(THE PROBLEM):
In the records below, repeat word for word only the lines starting at the one that contains "フロントバンバーに凹みがあります|三菱 キャンター TPG-FEB80(2WD)の写真13" and ending at the one that contains "partido político El", pictures excluded.

(DATA SUPPLIED):

+--

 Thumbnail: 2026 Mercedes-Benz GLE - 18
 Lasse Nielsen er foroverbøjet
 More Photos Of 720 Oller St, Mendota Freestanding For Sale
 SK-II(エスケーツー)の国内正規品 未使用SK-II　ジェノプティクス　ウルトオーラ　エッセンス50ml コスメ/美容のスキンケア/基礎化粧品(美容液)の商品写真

+--

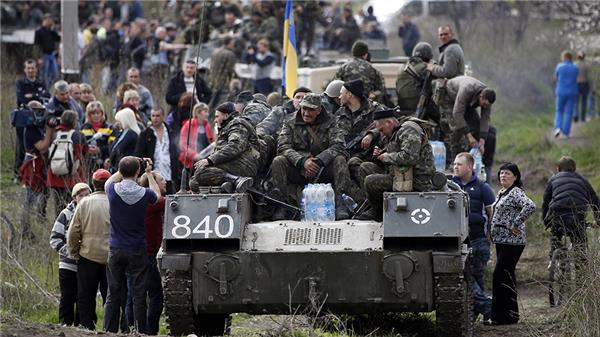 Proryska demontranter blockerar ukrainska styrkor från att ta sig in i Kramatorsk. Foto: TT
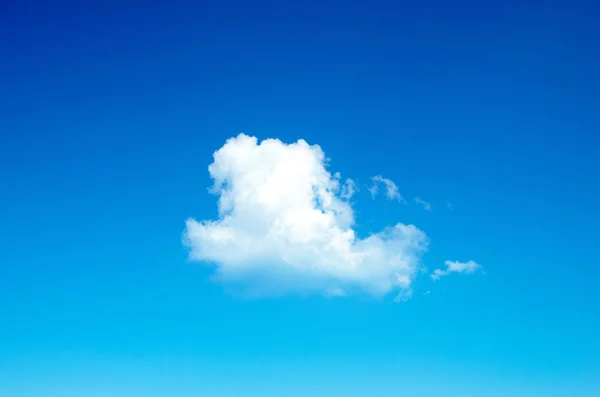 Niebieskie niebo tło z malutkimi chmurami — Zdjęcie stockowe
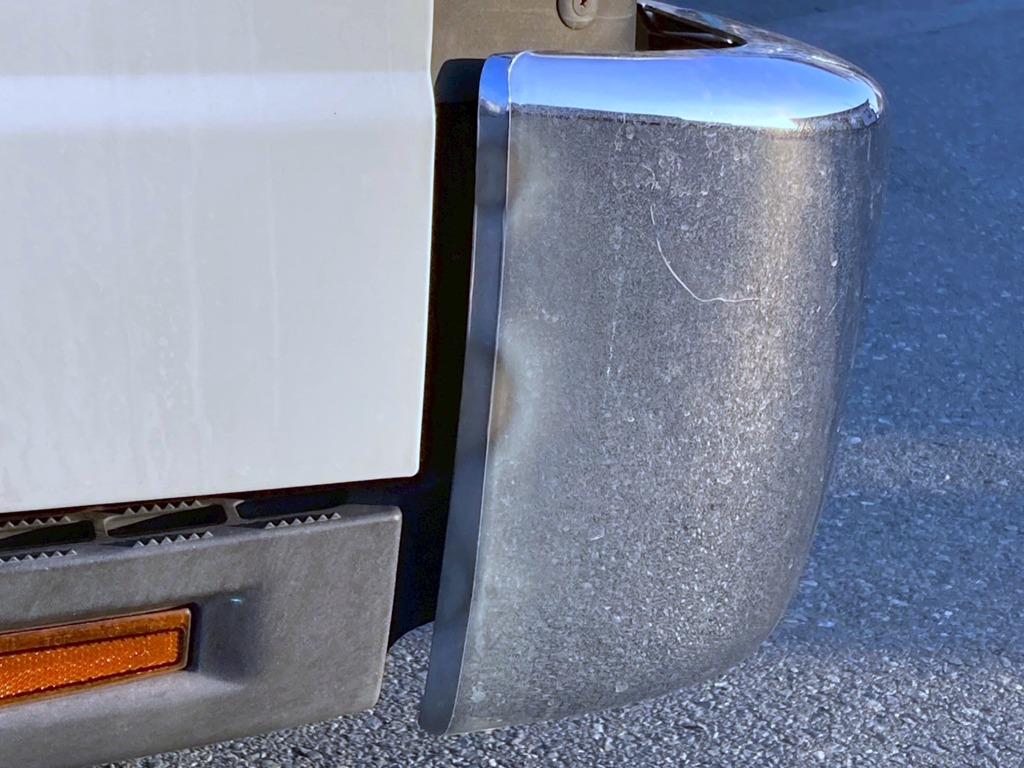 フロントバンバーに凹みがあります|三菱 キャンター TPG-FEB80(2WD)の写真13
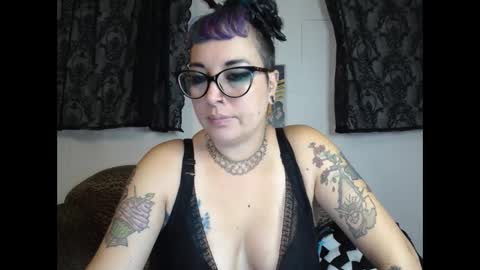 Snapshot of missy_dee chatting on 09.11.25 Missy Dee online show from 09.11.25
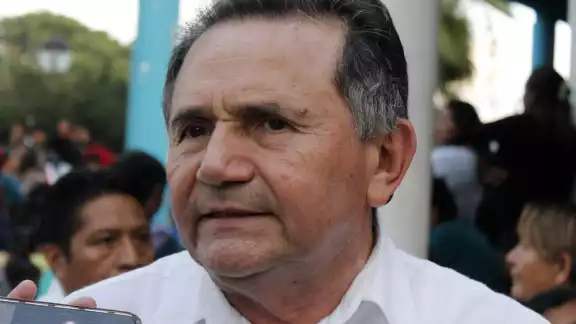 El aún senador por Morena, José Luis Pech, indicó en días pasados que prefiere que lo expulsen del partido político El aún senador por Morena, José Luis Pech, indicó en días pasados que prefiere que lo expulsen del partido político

+--

(OUTPUT FOR THIS EXERCISE):
 フロントバンバーに凹みがあります|三菱 キャンター TPG-FEB80(2WD)の写真13
 Snapshot of missy_dee chatting on 09.11.25 Missy Dee online show from 09.11.25
 El aún senador por Morena, José Luis Pech, indicó en días pasados que prefiere que lo expulsen del partido político El aún senador por Morena, José Luis Pech, indicó en días pasados que prefiere que lo expulsen del partido político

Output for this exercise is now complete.